Si la situation actuelle perdure, le niveau ne baissera pas et considérant le temps d'hier, d'aujourd'hui et les prévisions à venir, les réservoirs ne régulent plus rien.
De plus, la gestion de l'eau est annuelle donc quoi qu'il arrive, la vidange se fera dans les mois à venir pour prévenir la saison prochaine. L'énorme quantité d'eau actuellement stockée sera restituée à la Marne même si le niveau doit être particulièrement haut durant la fin du printemps et l'été.
Nous ne souhaitons pas une soudaine période de sécheresse mais c'est pourtant la seule chose qui pourrait nous permettre d'entamer une saison déjà compromise.
Ne parlons pas de la fraie ! Le blanc est en pleine période de reproduction. Les derniers poissons pris fin avril avaient la tête couverte de boutons de noce et, habituellement, j'annonce les premiers alevins aux environs du 25 avril. Cette année, même dans les rivières tranquilles, je n'en ai pas encore vu ce qui s'explique sans doute par un réchauffement tardif pour atteindre la température propice.
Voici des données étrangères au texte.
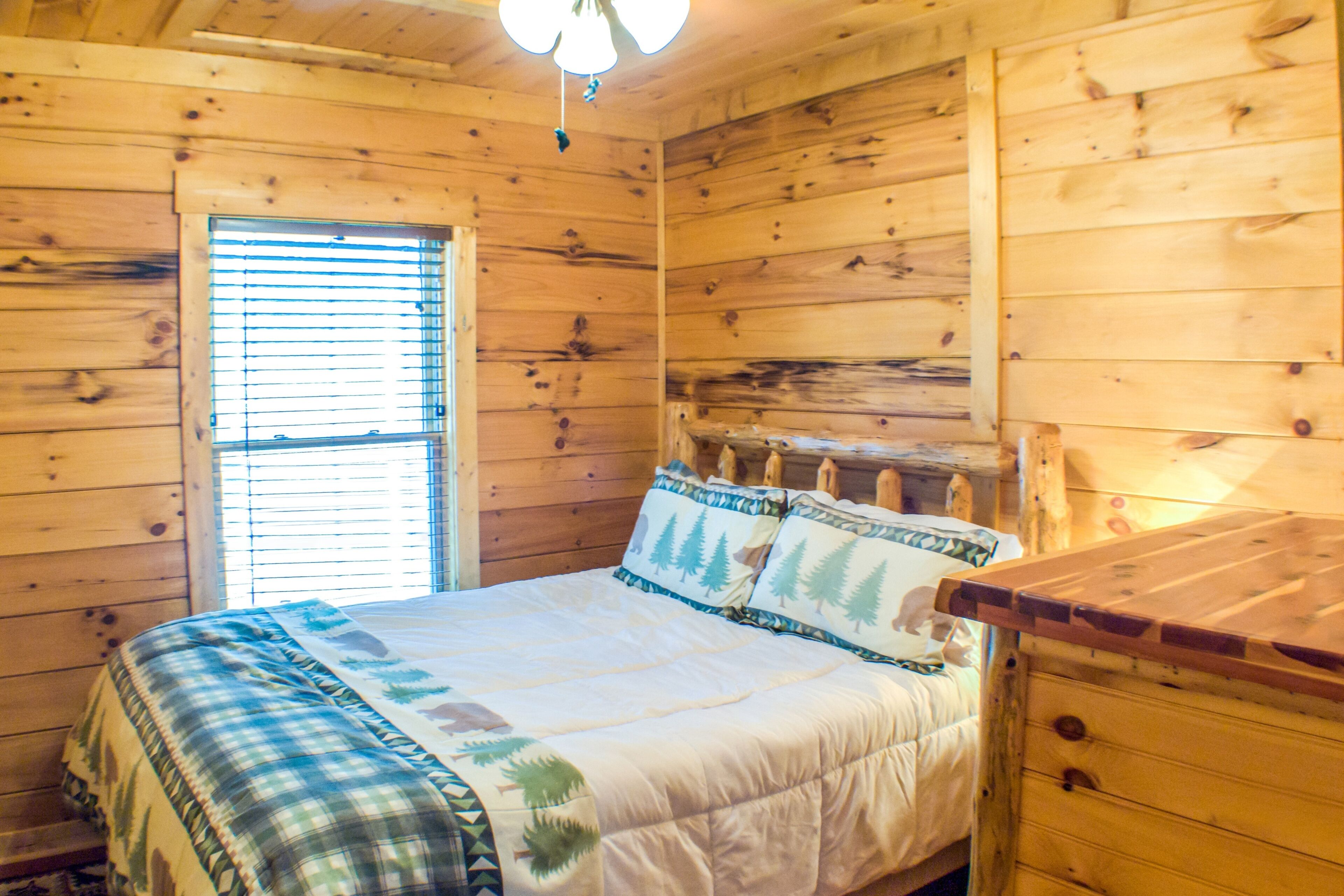 Une chambre dans une cabane en bois, avec un lit, une fenêtre et une commode.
Quant aux rivières en crue ou presque, les oeufs peuvent être entraînés par le courant et après les éclosions, les alevins ne résisteront pas sauf en se réfugiant dans les zones calmes et peu profondes où ils seront la proie des prédateurs.
J'ai déjà vu, ces jours derniers, les cormorans s'en donner à coeur joie.
L'an dernier a déjà été difficile mais deux années consécutives ne seront pas sans conséquences sur la reproduction et sur le comportement des poissons âgés de plusieurs années dont le cycle sera bouleversé.
Il faudra bien nous adapter ou être patients en attendant des jours meilleurs, mais combien d'années cela va-t-il durer ?
Les crues sont certes nécessaires pour les rivières mais à situation exceptionnelle, conséquences inhabituelles.